Il faut d’abord saluer le courage des femmes qui ont parlé, et ce à visage découvert : en tant qu’association nous savons à quelle point cette prise de parole n’a absolument rien d’évident. Oui, c’est positif qu’elles "osent" enfin, et probablement que ce "courage" tient à la force du collectif. Témoigner ensemble, témoigner pour les autres… Savoir qu’on n’est pas seule et le faire savoir aux victimes, tout cela est essentiel. Pourtant, Elle a reçu tant de témoignages que les journalistes ont dû "sélectionner" ceux finalement publiés. Cela montre que la route à faire est encore longue…
Aurélie Degoul et Isabelle Perraud lors du lancement de Grapes of Change en juillet dernier à Rome. Photo : Paie Ton Pinard.

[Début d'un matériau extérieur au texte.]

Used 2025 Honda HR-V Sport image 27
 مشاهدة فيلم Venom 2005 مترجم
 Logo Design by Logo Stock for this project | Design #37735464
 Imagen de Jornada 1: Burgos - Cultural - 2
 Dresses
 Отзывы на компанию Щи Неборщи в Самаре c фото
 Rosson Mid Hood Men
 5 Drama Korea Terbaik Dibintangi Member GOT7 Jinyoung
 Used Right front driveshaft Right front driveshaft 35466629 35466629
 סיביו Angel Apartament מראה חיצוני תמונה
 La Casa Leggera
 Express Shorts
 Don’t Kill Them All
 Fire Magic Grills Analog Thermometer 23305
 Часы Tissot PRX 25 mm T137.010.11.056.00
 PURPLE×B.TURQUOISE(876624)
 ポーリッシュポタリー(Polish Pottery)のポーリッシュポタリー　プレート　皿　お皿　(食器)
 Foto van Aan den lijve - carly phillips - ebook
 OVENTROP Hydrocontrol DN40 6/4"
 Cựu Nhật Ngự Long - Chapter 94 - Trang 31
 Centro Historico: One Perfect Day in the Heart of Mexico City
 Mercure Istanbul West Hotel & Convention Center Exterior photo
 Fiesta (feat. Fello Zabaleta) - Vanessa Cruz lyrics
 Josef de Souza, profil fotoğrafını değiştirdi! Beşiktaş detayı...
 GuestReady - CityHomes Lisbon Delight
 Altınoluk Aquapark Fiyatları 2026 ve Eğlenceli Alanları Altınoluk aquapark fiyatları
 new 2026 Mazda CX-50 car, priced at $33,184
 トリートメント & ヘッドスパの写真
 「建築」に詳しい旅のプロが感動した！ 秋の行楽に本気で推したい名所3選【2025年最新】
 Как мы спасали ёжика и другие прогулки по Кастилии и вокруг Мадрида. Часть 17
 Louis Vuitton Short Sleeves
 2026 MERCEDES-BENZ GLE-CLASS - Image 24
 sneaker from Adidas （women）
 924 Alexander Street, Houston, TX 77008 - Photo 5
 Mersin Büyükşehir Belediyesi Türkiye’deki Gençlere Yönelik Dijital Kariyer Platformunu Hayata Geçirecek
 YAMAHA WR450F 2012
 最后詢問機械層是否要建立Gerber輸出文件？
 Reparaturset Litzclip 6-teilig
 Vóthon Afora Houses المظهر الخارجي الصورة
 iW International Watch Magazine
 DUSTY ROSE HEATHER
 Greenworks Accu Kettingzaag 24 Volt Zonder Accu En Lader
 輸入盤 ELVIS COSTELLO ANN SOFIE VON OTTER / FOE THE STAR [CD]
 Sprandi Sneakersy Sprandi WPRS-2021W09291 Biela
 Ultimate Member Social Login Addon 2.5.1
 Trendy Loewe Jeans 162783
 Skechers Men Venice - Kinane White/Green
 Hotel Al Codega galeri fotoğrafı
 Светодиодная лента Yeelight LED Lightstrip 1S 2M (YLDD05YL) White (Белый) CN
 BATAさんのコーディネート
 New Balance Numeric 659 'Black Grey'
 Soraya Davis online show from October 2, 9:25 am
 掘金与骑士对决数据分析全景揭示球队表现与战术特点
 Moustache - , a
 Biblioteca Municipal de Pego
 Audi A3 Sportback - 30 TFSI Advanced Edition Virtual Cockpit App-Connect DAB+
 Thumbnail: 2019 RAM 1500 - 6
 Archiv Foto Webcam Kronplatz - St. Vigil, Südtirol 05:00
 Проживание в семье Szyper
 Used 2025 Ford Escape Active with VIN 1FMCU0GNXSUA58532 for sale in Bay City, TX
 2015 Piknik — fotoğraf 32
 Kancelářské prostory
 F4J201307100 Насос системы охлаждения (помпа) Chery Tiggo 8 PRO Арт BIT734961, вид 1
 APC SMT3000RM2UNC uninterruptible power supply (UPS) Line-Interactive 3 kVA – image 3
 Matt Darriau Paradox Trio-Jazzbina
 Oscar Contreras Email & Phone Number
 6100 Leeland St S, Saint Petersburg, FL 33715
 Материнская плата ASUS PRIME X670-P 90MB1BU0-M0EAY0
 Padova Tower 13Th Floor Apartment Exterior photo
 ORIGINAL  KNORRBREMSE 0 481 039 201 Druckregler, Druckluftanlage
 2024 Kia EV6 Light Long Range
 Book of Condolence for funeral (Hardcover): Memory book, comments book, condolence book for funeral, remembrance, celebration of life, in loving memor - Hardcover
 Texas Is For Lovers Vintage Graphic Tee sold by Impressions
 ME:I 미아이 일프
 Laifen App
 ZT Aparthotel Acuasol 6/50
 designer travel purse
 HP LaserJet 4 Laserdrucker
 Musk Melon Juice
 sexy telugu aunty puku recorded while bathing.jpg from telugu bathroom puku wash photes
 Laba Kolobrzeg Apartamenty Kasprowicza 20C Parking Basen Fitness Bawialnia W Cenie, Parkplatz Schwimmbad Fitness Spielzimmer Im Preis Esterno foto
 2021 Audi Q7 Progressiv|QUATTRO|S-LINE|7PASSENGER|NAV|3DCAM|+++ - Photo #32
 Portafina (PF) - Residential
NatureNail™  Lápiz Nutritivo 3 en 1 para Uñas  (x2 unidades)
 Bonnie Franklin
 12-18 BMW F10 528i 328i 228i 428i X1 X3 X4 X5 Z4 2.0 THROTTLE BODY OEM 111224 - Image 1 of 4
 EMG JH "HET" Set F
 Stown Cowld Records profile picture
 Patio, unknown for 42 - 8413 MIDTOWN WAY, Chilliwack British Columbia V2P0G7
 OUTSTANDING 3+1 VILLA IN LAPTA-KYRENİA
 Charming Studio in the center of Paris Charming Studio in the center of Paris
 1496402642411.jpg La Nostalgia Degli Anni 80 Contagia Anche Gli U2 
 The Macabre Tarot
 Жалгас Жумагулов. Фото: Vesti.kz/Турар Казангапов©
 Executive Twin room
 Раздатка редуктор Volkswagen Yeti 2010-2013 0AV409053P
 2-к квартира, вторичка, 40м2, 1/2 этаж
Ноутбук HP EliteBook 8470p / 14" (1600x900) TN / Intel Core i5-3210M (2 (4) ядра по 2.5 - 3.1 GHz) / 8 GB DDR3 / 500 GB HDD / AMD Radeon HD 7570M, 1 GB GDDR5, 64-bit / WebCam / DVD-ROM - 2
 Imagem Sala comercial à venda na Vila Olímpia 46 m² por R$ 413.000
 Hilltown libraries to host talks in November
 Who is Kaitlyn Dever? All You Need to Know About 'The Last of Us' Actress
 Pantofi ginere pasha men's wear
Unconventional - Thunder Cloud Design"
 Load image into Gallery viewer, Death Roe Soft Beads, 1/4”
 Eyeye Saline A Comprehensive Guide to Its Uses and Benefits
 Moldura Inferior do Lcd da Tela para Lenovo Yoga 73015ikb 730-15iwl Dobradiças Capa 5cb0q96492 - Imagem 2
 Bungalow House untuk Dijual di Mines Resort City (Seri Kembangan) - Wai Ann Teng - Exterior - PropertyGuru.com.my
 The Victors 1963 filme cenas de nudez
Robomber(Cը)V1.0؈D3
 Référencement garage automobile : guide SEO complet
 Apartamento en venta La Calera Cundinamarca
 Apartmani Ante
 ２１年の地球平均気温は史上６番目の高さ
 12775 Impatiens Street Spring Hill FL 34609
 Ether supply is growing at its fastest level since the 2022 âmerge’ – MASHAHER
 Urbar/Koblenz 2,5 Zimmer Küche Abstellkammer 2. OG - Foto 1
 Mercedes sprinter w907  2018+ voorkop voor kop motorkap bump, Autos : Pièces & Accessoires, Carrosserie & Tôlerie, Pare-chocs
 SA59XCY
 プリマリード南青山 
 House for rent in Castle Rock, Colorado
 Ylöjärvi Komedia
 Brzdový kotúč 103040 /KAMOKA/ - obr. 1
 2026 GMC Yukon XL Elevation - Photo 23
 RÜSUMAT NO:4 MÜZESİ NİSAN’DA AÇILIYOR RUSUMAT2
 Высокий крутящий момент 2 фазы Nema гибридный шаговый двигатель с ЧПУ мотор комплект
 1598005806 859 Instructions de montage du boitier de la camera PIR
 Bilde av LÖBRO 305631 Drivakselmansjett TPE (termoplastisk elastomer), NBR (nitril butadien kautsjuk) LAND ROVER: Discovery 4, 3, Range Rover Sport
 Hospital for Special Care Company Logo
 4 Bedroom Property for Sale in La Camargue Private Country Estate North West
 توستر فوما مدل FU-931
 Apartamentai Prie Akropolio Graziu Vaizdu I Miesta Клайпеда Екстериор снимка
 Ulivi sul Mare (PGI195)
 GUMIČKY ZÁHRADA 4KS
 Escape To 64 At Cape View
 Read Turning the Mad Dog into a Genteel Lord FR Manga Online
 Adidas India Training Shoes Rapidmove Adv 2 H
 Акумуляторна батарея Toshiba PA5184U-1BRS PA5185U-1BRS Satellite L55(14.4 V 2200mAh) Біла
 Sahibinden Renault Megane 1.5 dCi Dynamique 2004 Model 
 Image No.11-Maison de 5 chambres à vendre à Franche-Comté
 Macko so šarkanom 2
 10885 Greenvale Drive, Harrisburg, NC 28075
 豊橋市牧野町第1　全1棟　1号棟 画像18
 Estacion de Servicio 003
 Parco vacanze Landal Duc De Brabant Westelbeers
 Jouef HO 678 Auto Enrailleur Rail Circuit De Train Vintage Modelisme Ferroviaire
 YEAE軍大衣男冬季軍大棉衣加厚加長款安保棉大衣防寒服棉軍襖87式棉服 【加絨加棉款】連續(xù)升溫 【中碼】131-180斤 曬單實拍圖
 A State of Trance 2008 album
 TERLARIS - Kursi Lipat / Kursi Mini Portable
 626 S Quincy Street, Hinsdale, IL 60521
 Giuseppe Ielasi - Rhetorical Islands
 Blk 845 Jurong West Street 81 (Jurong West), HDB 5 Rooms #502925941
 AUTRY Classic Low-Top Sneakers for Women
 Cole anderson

* : Aurélie Degoul relève aussi la présence dans le consortium d’« Asaja Mujeres, une association espagnole relativement jeune mais dont les actions ressemblent beaucoup à celles de Paye Ton Pinard. L’ONG Union of Hungarian Women Association a déjà beaucoup d’expérience dans la coopération internationale, avec les nations unies notamment, travaillant particulièrement sur la place et la reconnaissance des femmes en milieu rural. Impact hub est une ONG internationale qui agit pour identifier, par pays, les acteurs à mobiliser autour d’une cause, et ainsi donner du poids aux plaidoyers. Dans ce projet, pour le moment, leurs agences autrichiennes, grecques et italiennes sont engagées. Fundacja Digital Creators (Pologne) est notre partenaire digital, puisque le programme prévoit la création de nombreux outils (de formation notamment) numériques. Wizemann Space (Allemagne), est le soutien "évènementiel", avec une expertise marquée dans les collaborations transnationales sur des projets militants. »
Les logos des parties prenantes du programme européen.